**WHAT IS REQUIRED**
Your answer is to be the exact text of the lines from the one containing "Эффект развода: жена" through the final line of the entries, restated in full, with pictures omitted.

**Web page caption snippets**

______

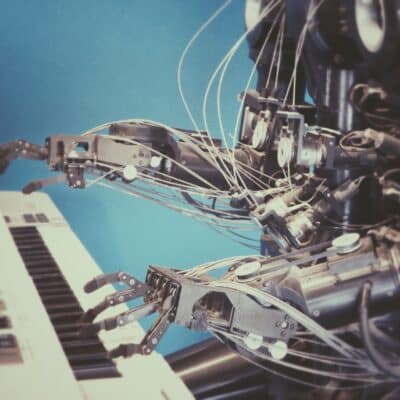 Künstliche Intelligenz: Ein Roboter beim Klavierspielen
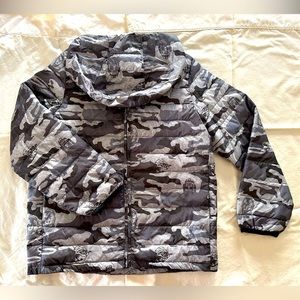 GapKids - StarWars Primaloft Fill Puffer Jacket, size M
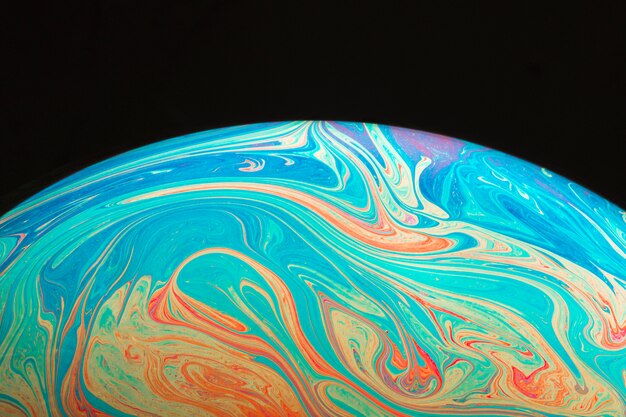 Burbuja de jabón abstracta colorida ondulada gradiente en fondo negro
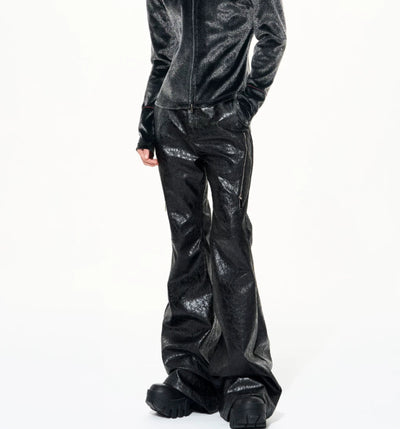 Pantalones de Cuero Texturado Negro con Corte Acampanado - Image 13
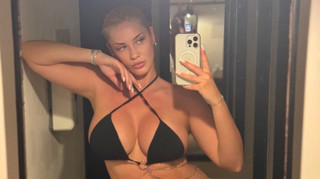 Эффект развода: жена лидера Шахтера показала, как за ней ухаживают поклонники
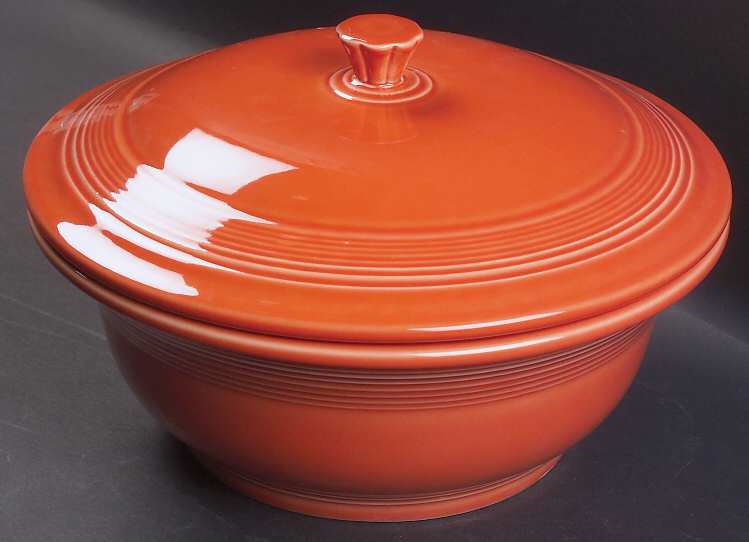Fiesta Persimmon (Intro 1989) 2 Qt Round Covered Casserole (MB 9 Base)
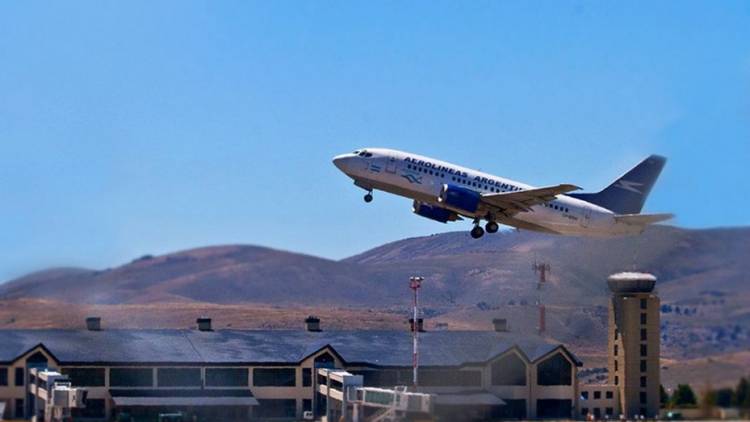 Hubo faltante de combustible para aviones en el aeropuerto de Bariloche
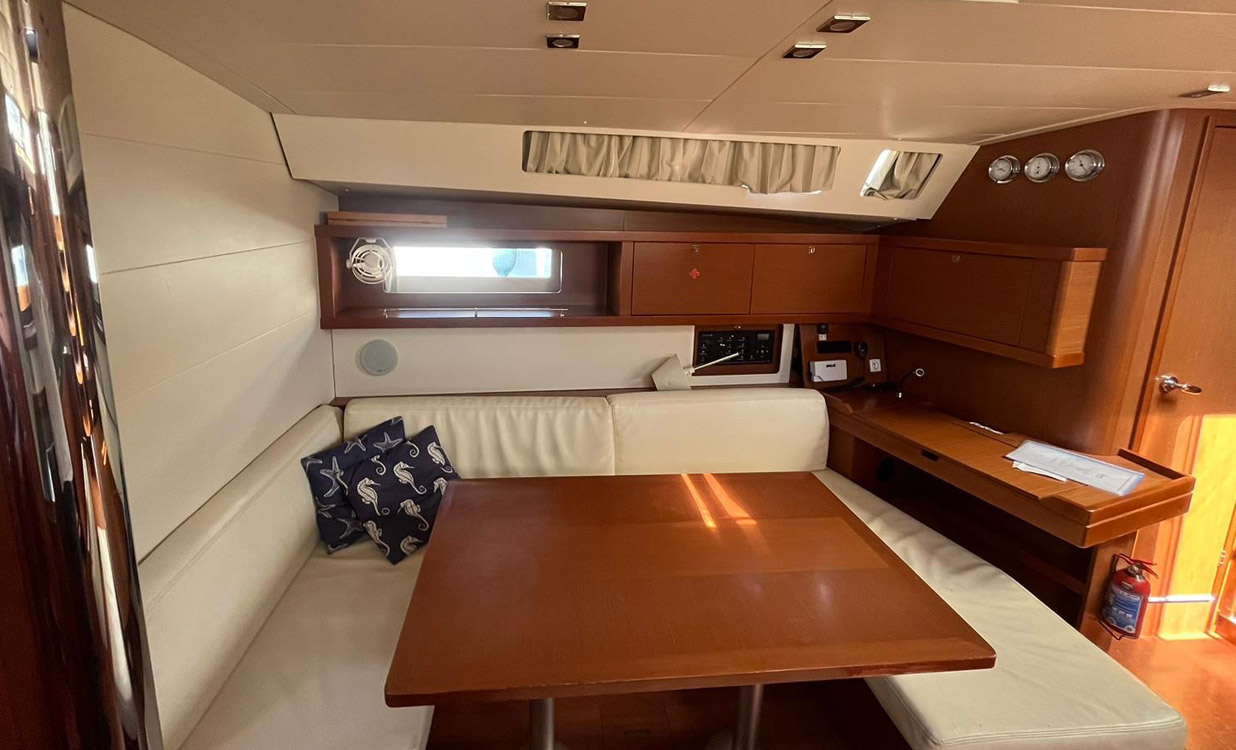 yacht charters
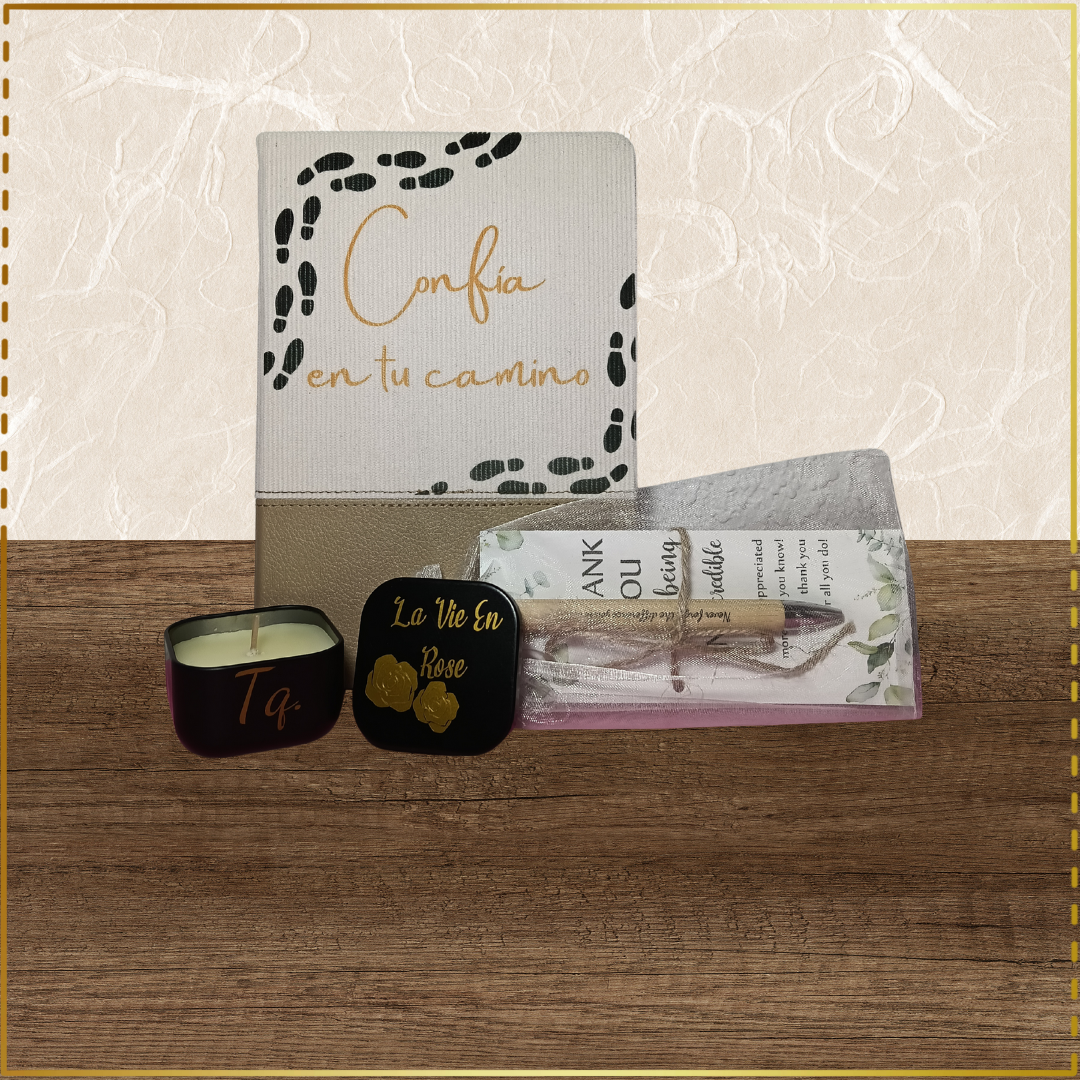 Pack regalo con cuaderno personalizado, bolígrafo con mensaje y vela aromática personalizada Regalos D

______

**YOUR SOLUTION**
 Эффект развода: жена лидера Шахтера показала, как за ней ухаживают поклонники
Fiesta Persimmon (Intro 1989) 2 Qt Round Covered Casserole (MB 9 Base)
 Hubo faltante de combustible para aviones en el aeropuerto de Bariloche
 yacht charters
 Pack regalo con cuaderno personalizado, bolígrafo con mensaje y vela aromática personalizada Regalos D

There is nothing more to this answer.